Andrew Capobianco

Personal information
- Born: October 13, 1999 (age 26) Wantagh, New York, U.S.
- Home town: Holly Springs, North Carolina, U.S.
- Education: Holly Springs High School, Indiana University Bloomington
- Height: 5 ft 9 in (175 cm)
- Weight: 165 lb (75 kg)

Sport
- Country: United States
- Sport: Diving
- College team: Indiana University Bloomington

Medal record
Men's diving
Representing the United States
Olympic Games
| Silver medal – second place | 2020 Tokyo | 3 m synchro |
World Championships
| Bronze medal – third place | 2019 Gwangju | Mixed team |
Pan American Games
| Bronze medal – third place | 2019 Lima | 1 m springboard |
| Bronze medal – third place | 2019 Lima | 3 m synchro |
Representing the Indiana Hoosiers
NCAA Championships
| Gold medal – first place | 2019 Austin | 3 m diving |
| Gold medal – first place | 2021 Greensboro | 3 m diving |
| Gold medal – first place | 2023 Minneapolis | 3 m diving |
| Silver medal – second place | 2022 Atlanta | 1 m diving |
| Silver medal – second place | 2022 Atlanta | 3 m diving |
| Silver medal – second place | 2023 Minneapolis | 1 m diving |
| Bronze medal – third place | 2018 Minneapolis | Platform |

= Andrew Capobianco =

American diver (born 1999)

Andrew Capobianco (/ˌkæpoʊbiˈɑːŋkoʊ/ CAP-oh-bee-AHNG-koh; born October 13, 1999) is an American Olympic diver.

== Career ==
Capobianco attended Holly Springs High School in Holly Springs, North Carolina, where he was a two-time NCHSAA 4A state champion in 1 meter diving. He then attended and competed at Indiana University Bloomington, where he earned NCAA All-American honors twelve-times and NCAA national champion honors three times.

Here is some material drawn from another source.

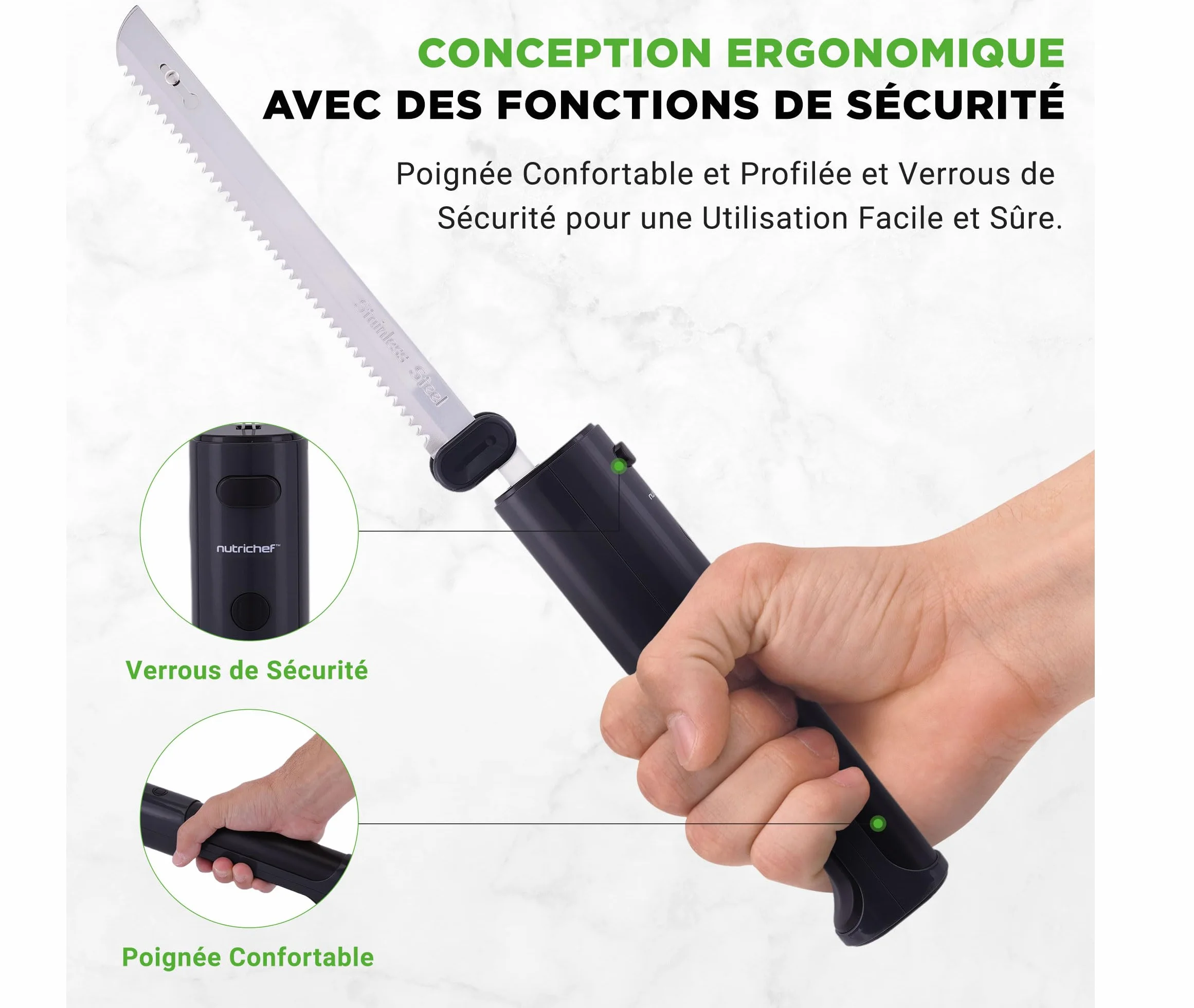 NutriChef Couteau Électrique de Cuisine – Couteau à Découper pour Viande, Volaille, Pain et Fromage, Lames en Acier, Modèle Sans Fil, Bouton Sécurité ON/OFF, Noir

He participated at the 2019 World Aquatics Championships, winning a bronze medal.

In 2021, he qualified with his diving partner Michael Hixon for the U.S. Olympic Diving Team, to compete in the men's synchronised 3m springboard. Later during the Olympic Trials, he also qualified for the 2020 Summer Olympics in Tokyo in the Individual 3m dive.

At the Tokyo Summer Olympics, Capobianco and Hixon won the silver medal in the men's synchronised 3m springboard, while Capobianco finished 10th out of 12 divers in the finals of the individual 3m springboard, from an original field of 29 in the competition.